Untuk membuat petak contoh pengukuran ikuti ukuran baku petak contoh (transek) seperti yang tertulis pada Box 2.

Cara:

  1. Pilih lokasi dengan kondisi vegetasi yang cukup seragam yang dapat mewakili
    jenis tutupan lahan yang bersangkutan.
  2. Buatlah plot transek pada lahan yang dipilih searah dengan mata angin (Foto 2A dan 2B), dengan langkah sebagai berikut:
  • Lemparkan sebatang ranting secara acak untuk menentukan titik ikat dari plot pengukuran.
  • Beri tanda dengan patok kayu (sebagai titik ikat) dan rekam posisi titik ikat menggunakan GPS (Gambar 1).
  • Ikatkan tali plastik 40 m tariklah ke arah utara. Ikatkan tali lain sepanjang 5 m ke arah timur. Lanjutkan pemasangan patok di 3 sudut yang lain dan ikat tali-tali yang lain hingga diperoleh plot pengukuran sebesar 40 m x 5 m = 200 m2 (disebut sub plot utama).
  • Catat dan buat sketsa plot permanen yang telah dibuat dari titik ikat dengan keterangan arah mata angin (contoh: 100 m ke arah utara dan 20 m ke arah timur dari titik ikat).
  • Buatlah sub plot utama lebih dari satu bila kondisi lahan tidak seragam (misalnya kondisi vegetasi dan tanahnya beragam). Satu sub plot utama mewakili satu kondisi.
  • Buatlah sub plot utama lebih dari satu bila kondisi tanahnya berlereng, buatlah satu sub plot utama di setiap bagian lereng (atas, tengah dan lereng bawah).
  1. Buat plot kedua dengan ukuran yang lebih besar (20 m x 100 m) bila dalam lahan yang diamati terdapat pohon besar (diameter batang lebih dari 30 cm atau lingkar batang lebih dari 95 cm) lihat Gambar 1.
  2. Khusus untuk sistem agroforestri atau perkebunan dengan jarak tanam yang jarang, (misalnya perkebunan kelapa sawit) maka buatlah plot ukuran 20 m x 100 m = 2000 m2.
  • Tentukan minimal 6 sub plot pada setiap sub plot utama untuk pengambilan contoh tumbuhan bawah, seresah dan tanah; setiap titik berukuran 0.5 m x 0.5 m = 0.25 m2.
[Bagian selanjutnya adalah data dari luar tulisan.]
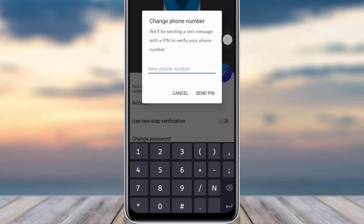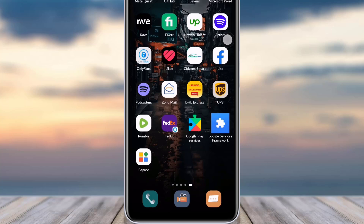You will get the PIN in your new number — just as you did when creating this account. That's the same way you received a code in your number when you first created your account. Simply add your number, tap on okay, and you're ready to go.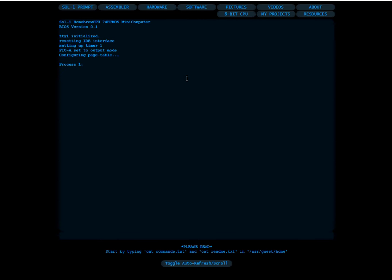But about two months ago I started working on it again and I decided to write a simple file system and update the operating system a little.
Gambar 1. Sketsa pembuatan plot permanen untuk pengukuran seluruh komponen cadangan karbon per lahan

Pemindahan dan modifikasi plot

Jika kondisi lapangan tidak memungkinkan untuk membuat plot baku maka modifikasi atau penggeseran lokasi dapat dilakukan. Kondisi lapangan yang mungkin dijumpai misalnya jika plot harus memotong parit yang cukup lebar (≥ 3 meter) atau harus melewati jurang. Metode pemindahan atau modifikasi plot dapat dilihat pada Gambar 2.
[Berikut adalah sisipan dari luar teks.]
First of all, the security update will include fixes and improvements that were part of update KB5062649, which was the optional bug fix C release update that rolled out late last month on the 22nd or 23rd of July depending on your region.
Gambar 2. Kaidah perubahan atau pemindahan plot; pemindahan dilakukan dengan membagi ke dalam dua jalur yang berhimpitan (Gambar a; a2); mengubah posisi plot dengan memajukan atau memundurkan posisi plot, tetapi tetap berada di jalur yang
sama (gambar b, b2, b3, (dikutip dari IHMB, 2009))

Penaksiran biomasa tanaman


1. Biomasa pohon

Biomasa pohon ada 2: bagian di atas tanah dan bagian dalam tanah (akar). Pengukuran biomasa pohon dapat dilakukan dengan menaksir volume pohon (tanpa melakukan perusakan atau ‘non destructive’). Volume pohon dapat ditaksir dari ukuran diameter batangnya, yang diukur setinggi dada (diameter at breast height - DBH atau 1.3 m dari permukaan tanah).

Jika diperlukan maka tinggi pohon juga dapat diukur untuk mempertinggi akurasi estimasi volume pohonnya. Pengukuran ini sebaiknya dilakukan oleh minimal 2 orang tenaga kerja. Sedang akar tanaman dapat ditaksir menggunakan nilai terpasang (default value).
Cara mengukur diameter pohon:

  • Bagilah sub plot utama menjadi 2 bagian, dengan memasang tali di bagian tengah sehingga ada 2 sub plot utama, masing-masing berukuran 40 m x 2.5 m

  • Catat nama lokal dan/atau nama latin (jika dapat diketahui) dari pohon yang akan diukur.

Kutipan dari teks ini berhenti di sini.